La verdad es que el racismo está vivo y creciendo. No obstante, se ve diferente en cada lugar. De hecho por lo menos aquí en Chile, desde donde te escribo, podría sostener que el racismo es socialmente más aceptado que en Estados Unidos. Por ejemplo, podemos verlo cuando una persona comenta lo afortunado que es un bebé al parecerse más al progenitor que tiene el color de piel más claro o en las microagresiones dirigidas a las personas de piel morena. ¿Qué pasa con aquellos que tienen rasgos que apuntan a su herencia étnica, indígena, por ejemplo? Definitivamente, eso no es algo deseado como sí lo es tener un cabello largo y rubio y los apellidos alemanes comunes entre las poblaciones de la clase alta. Y es tan fácil rechazar a alguien si se ve o tiene un acento relacionado a alguna clase social popular. Ahora podemos encontrar inmigrantes de países como Perú, Bolivia, Venezuela, Colombia o Haití en ciudades a lo largo de todo Chile, provocando comentarios racistas de parte de chilenos de todo estrato social. Me llama profundamente la atención que estos comentarios antiinmigrantes nunca estén dirigidos a personas como yo, de piel blanca y acento inglés. No, en general el resentimiento racista contra inmigrantes está reservado para los que tienen piel más oscura o rasgos de su herencia indígena.
Por tanto, ¿cuál debe ser nuestra respuesta como cristianos al racismo?
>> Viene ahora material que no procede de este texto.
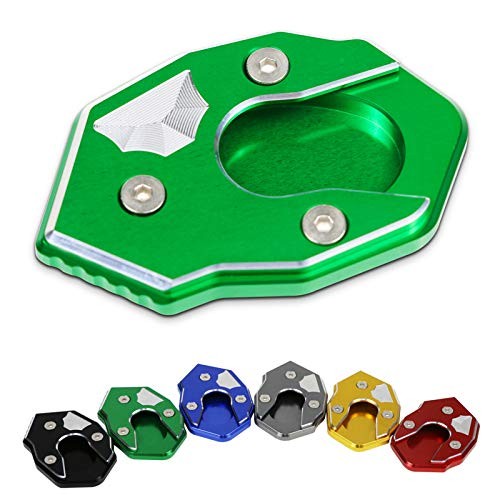 Motorcycle Kickstand Extender Foot Side Stand Extension Pad Support Plate For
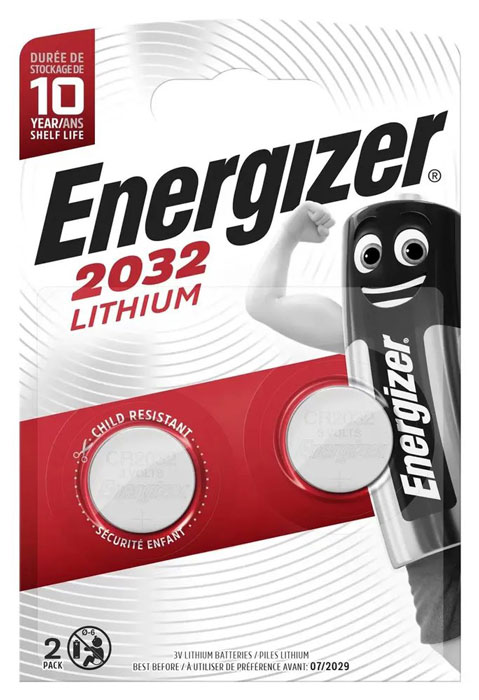 Батарейка Energizer Lithium CR2032 x2шт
Primeramente, necesito clarificar que aunque en la superficie, no soy lo que la mayoría clasificaría como «racista», la verdad es que sí soy parte del problema. Mi indiferencia hacia la discriminación a las personas que tienen otro color de piel muestra dónde se encuentran mis valores. El hecho de que mi primera reacción al ser confrontada con la injusticia sistémica fuera protegerme a mí misma y al sistema que me beneficia, muestra que, en lo profundo, yo también soy culpable. Por alguna razón, creo que soy mejor y más importante que las personas que tienen otro color de piel que sufren en un sistema que funciona contra ellos. Por alguna razón, ellos, y su sufrimiento, no importan como yo.
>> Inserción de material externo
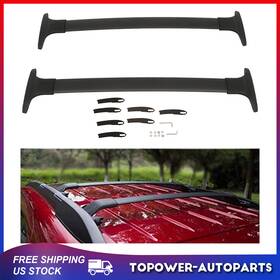 To16674as324p Topower For Ford Ecosport 2013-2022 Roof Rack Cross Bar Cargo Luggage Carrier Black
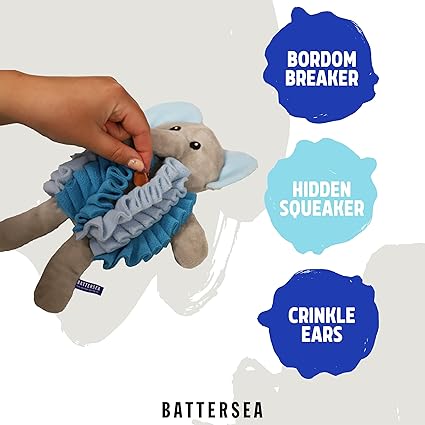 Rosewood - Battersea Snuffle Elephant Dog Toy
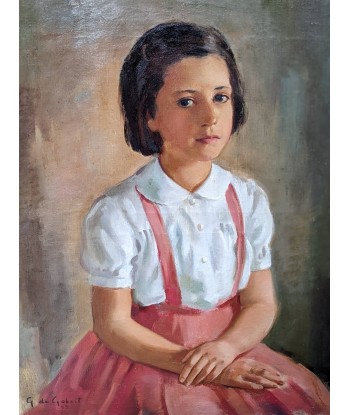 Tableau G.De Gobert Portrait d’une jeune fille en 1943 acheter en ligne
No obstante, la actitud de Dios respecto a la discriminación y la opresión es muy diferente. Y su Iglesia debe escuchar y actuar.
En primer lugar, necesitas clarificar tu teología. Dios es muy claro sobre cómo Él se siente respecto a las vidas de las personas morenas y negras. Dios creó a la humanidad a su imagen; a cada una de las personas. Piensa en el Salmo 139, donde Dios dice que Él nos forma en el vientre de nuestras madres. Piensa en todas las mujeres morenas y negras que están embarazadas e imagina el amor y el tierno cuidado que Dios les da al formar ese pequeño bebé incluso antes de que nazcan. Él cuida de ellos y sabe cuántos cabellos tienen en sus cabezas.
El problema es que el hermoso bebé crece para llegar a ser un adulto. Un pequeño niño moreno crece para convertirse en un hombre moreno adulto. Y Dios lo mira con todo el tierno amor y el cuidado con el que lo hizo cuando lo formaba en el vientre de su madre. Cuando ves a una mujer morena vestida de asesora del hogar, caminando por el mercado, ¿te das cuenta que estás viendo a una persona que fue hecha a la imagen de Dios? Cuando ves a un hombre negro, probablemente inmigrante de Haití, caminando por la orilla de la calle vendiendo comida, ¿te das cuenta del peso del amor de Dios por ese hombre?
No hay espacio para la supremacía blanca con Dios. No hay espacio para que un grupo de personas se levante para oprimir o degradar a otro grupo de personas. Dios dice muy claramente que todos somos creados a su imagen, estamos todos rotos y en necesidad de redención; que cualquiera que acude a Cristo para salvación, la recibirá. No existe supremacía en los diferentes colores de piel, orígenes étnicos ni nacionalidades.
En segundo lugar, no es opción ser pasivo respecto a la injusticia en el mundo. Jesús dijo que bienaventurados eran quienes hacen la paz. Bienaventurados son los que buscan la paz en un mundo desgarrado por el conflicto. Bienaventurados quienes no se cruzan de brazos cuando ven algo incorrecto, sino que se ponen a trabajar para luchar por aquello que es correcto y restaurar así la paz para otros.
Aunque nuestra tendencia natural es solo protegernos a nosotros mismos y quedarnos cómodos donde estamos, tenemos un Dios que no es así, pues entró a nuestra zona de guerra y a nuestro conflicto, porque la verdadera justicia y amor fluyen de Él. Su corazón está roto debido a la injusticia y su ira es provocada cuando Él ve opresión. Como su Iglesia, debemos ser los primeros en actuar contra la injusticia. Debemos ser los más enérgicos en defender la dignidad y los derechos de las personas oprimidas. Y sin embargo, demasiado a menudo nos quedamos callados, o aun peor, propagamos el problema y justificamos nuestras acciones con el superficial evangelio de la prosperidad.
En tercer lugar, no puedes ser indiferente a los sufrimientos de otros. Dios nos llama a llorar con quienes lloran. A medida que vemos hermanos y hermanas de la comunidad negra en Estados Unidos llorar muerte tras muerte y angustiarse en miedo de lo que podría pasarles a sus hijos e hijas, ¿cómo te sientes tú? Es difícil realmente sentir el dolor que ellos sienten, realmente llorar con ellos. Porque si lo hiciéramos, habríamos confesado que existen algunos problemas más grandes en cómo funciona nuestra sociedad.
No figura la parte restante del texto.